_EXERCISE_: Exactly as they stand, copy the lines from the one containing "Smiling toddler girl" to the final line of the data; leave out the pictures.

(DATASET CONTENT begins)

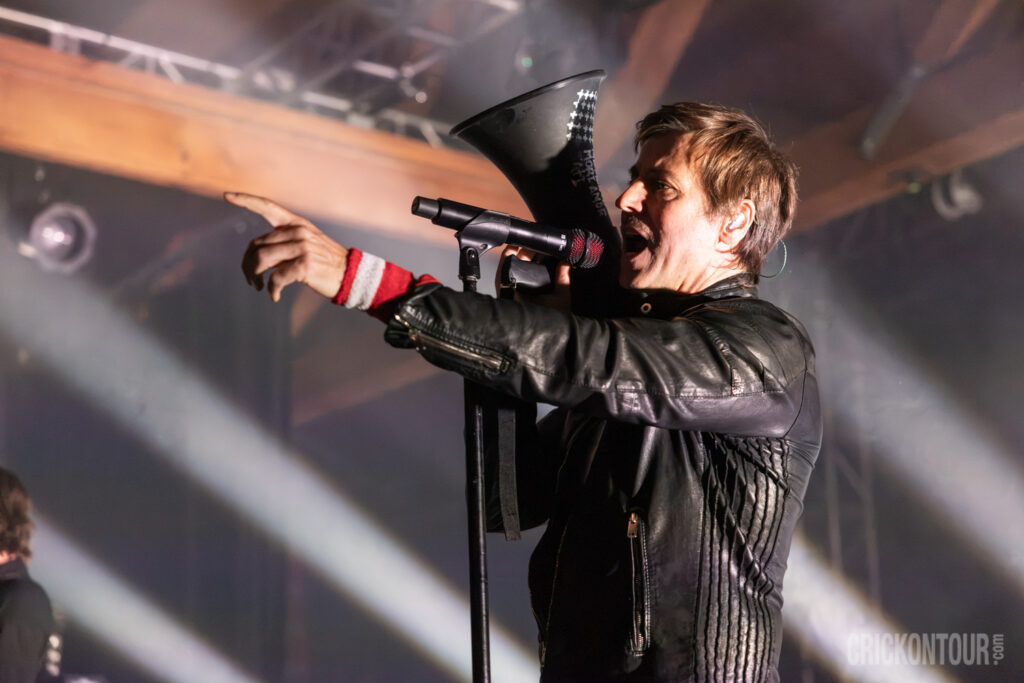 Lead vocalist Raine Maida of Our Lady Peace sings into a megaphone-style mic while pointing outward, wearing a black leather jacket under stage lights.
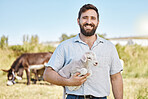 Farmer, portrait or baby lamb on livestock agriculture, countryside environment or nature in sheep growth management. Happy, farming or man and mutton animals, pet safety or veterinary life insurance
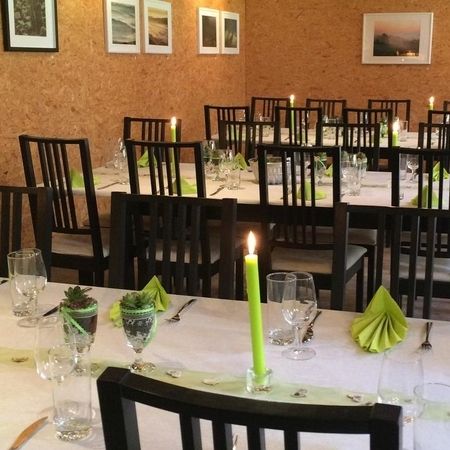 Mehrere gedeckte Tische mit grünen Servietten, Kerzen und Sukkulenten als Tischdekoration.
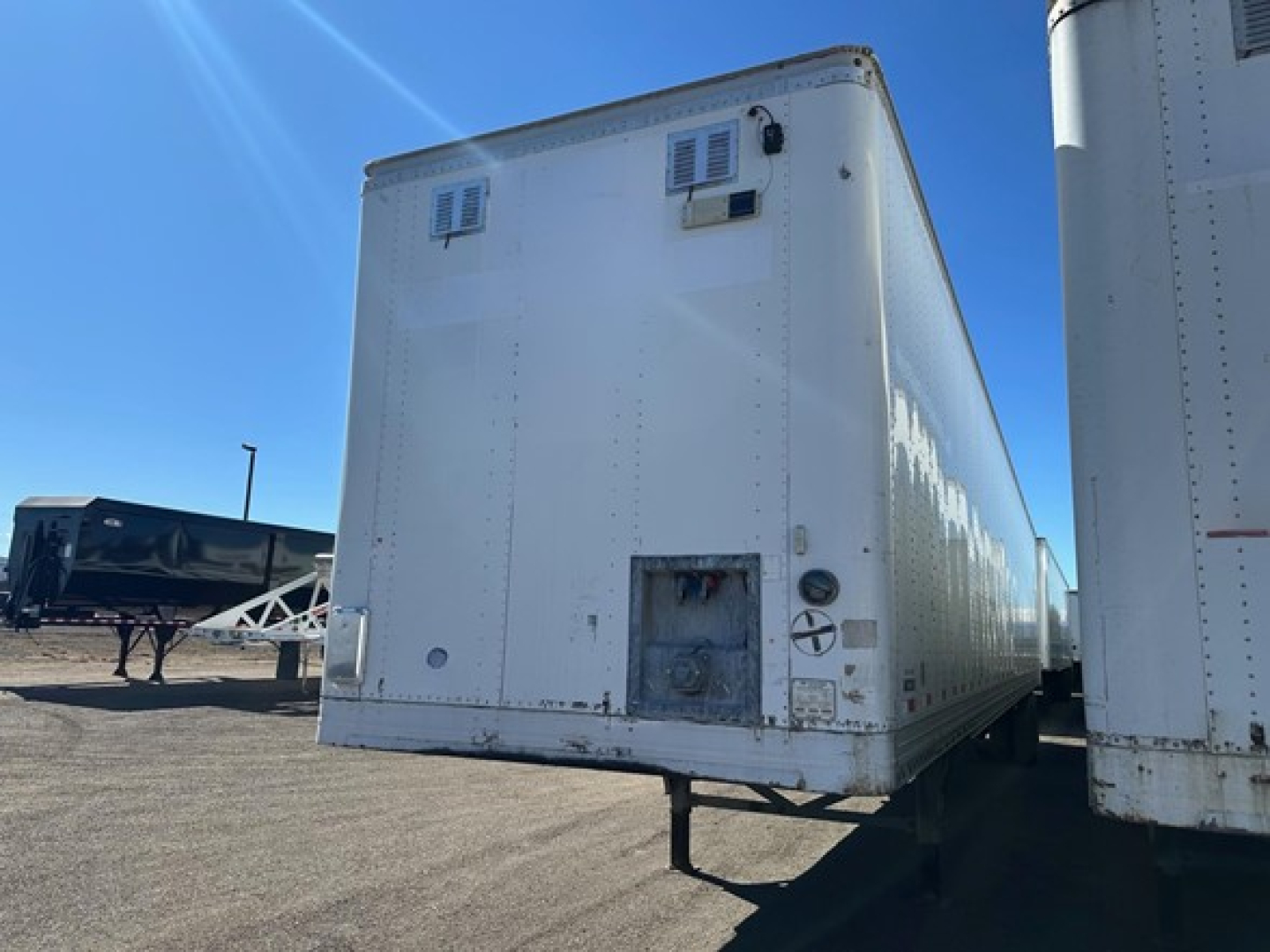 Equipment trailer showing rear view of Hyundai air ride dry van with roll door and white exterior.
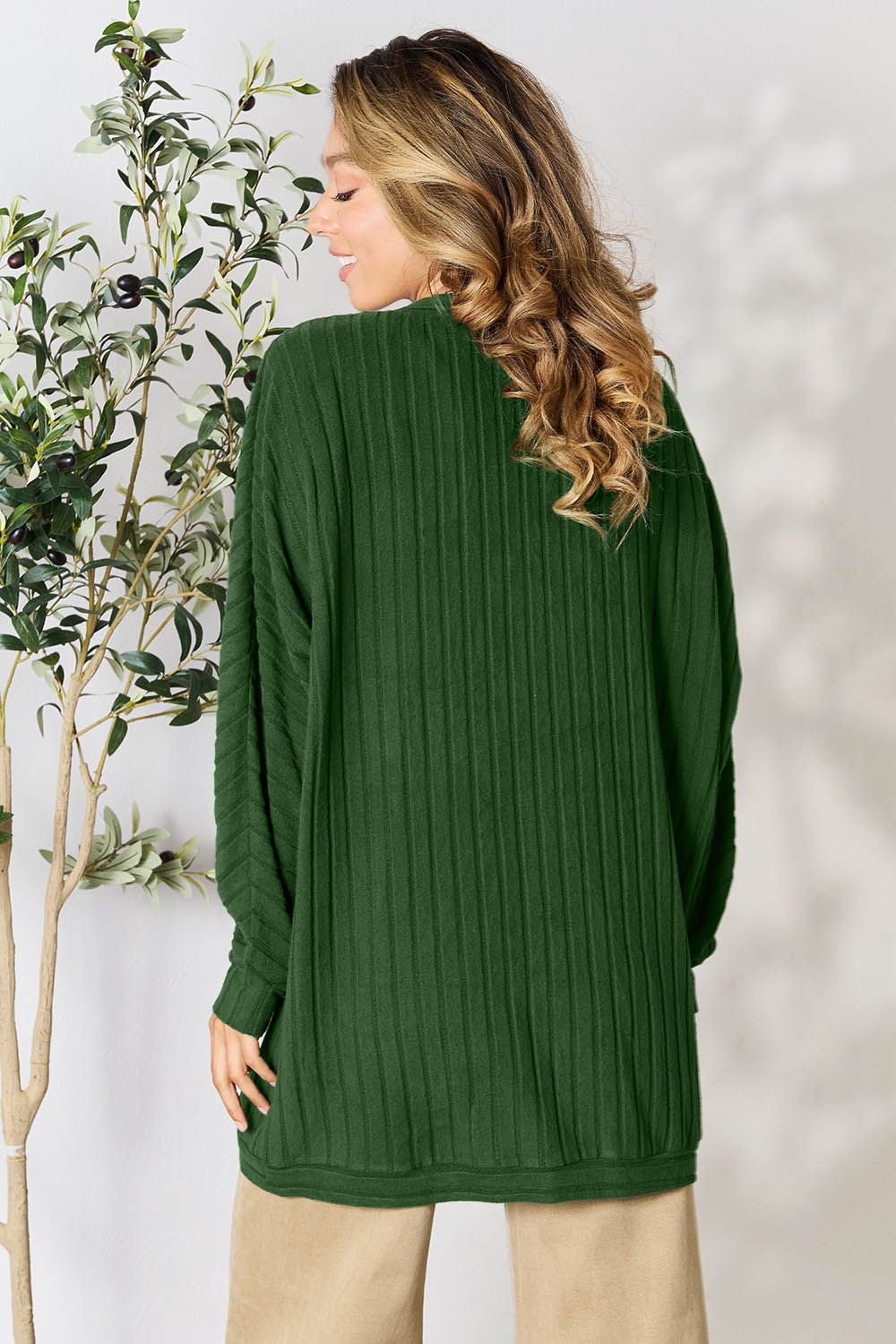 A person with wavy hair, wearing the Basic Bae Full Size Ribbed Cocoon Cardigan over a white top and beige pants, stands in front of a light-colored background with a leafy plant, showcasing an effortlessly basic style.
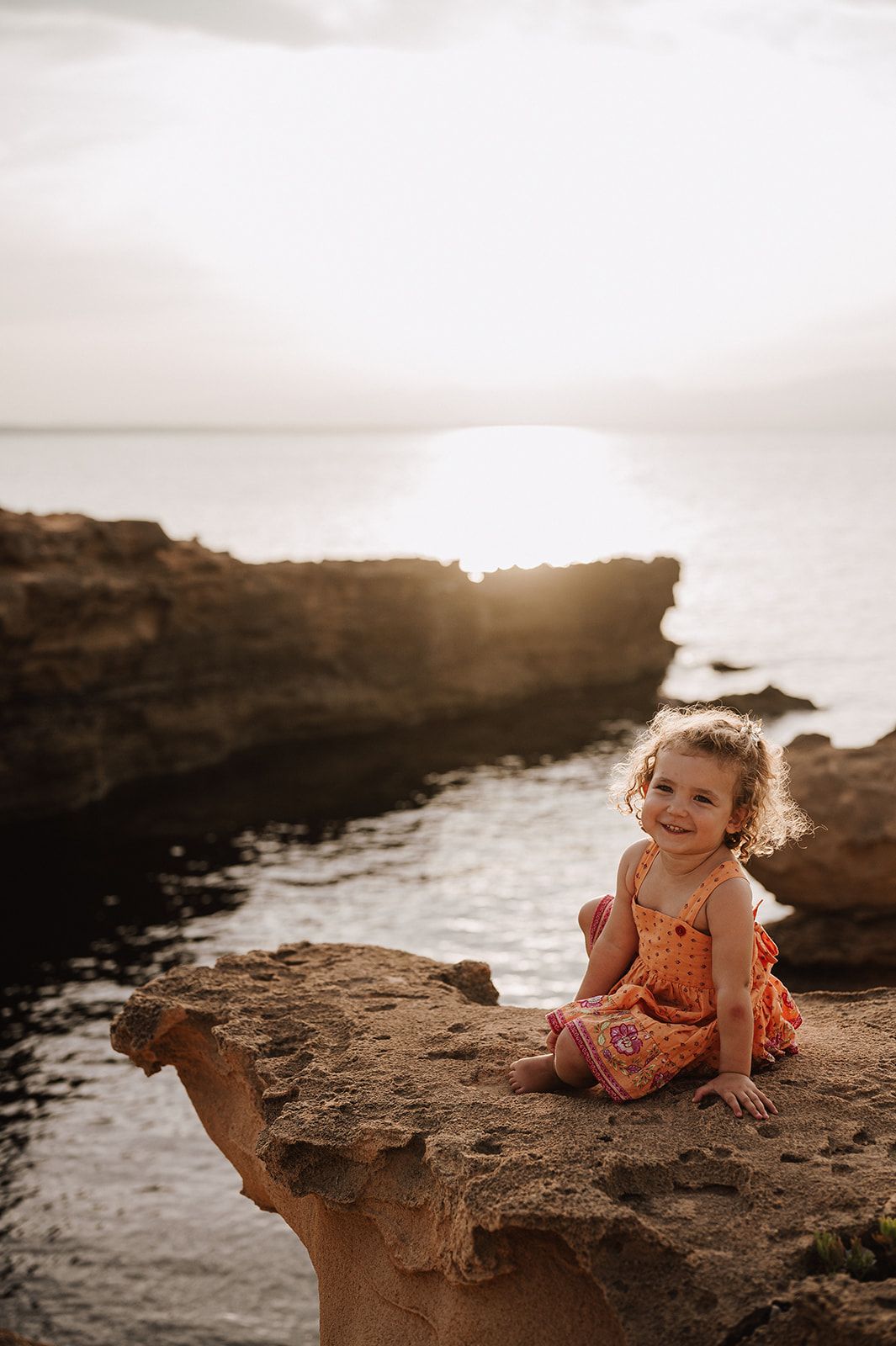 Smiling toddler girl in orange dress sitting on coastal rocks at golden sunset.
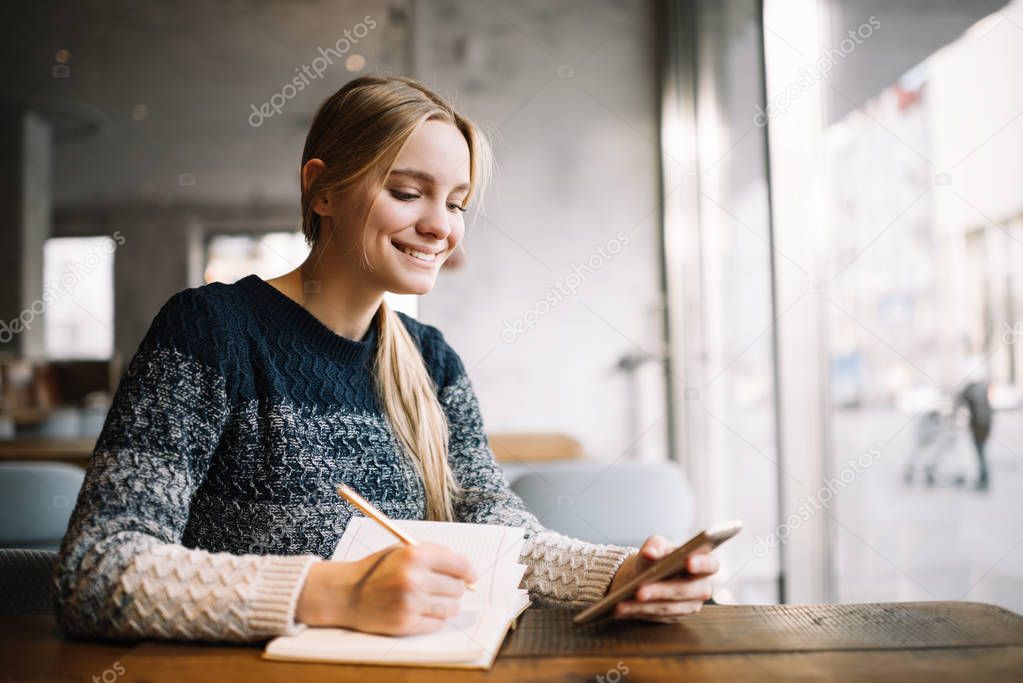 Young attractive university student using laptop computer, studying at modern library. Cheerful caucasian woman writes notes, planning working process, sitting in loft cafe. Exam preparation.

(DATASET CONTENT ends)

_ANSWER TO THIS EXERCISE_:
 Smiling toddler girl in orange dress sitting on coastal rocks at golden sunset.
 Young attractive university student using laptop computer, studying at modern library. Cheerful caucasian woman writes notes, planning working process, sitting in loft cafe. Exam preparation.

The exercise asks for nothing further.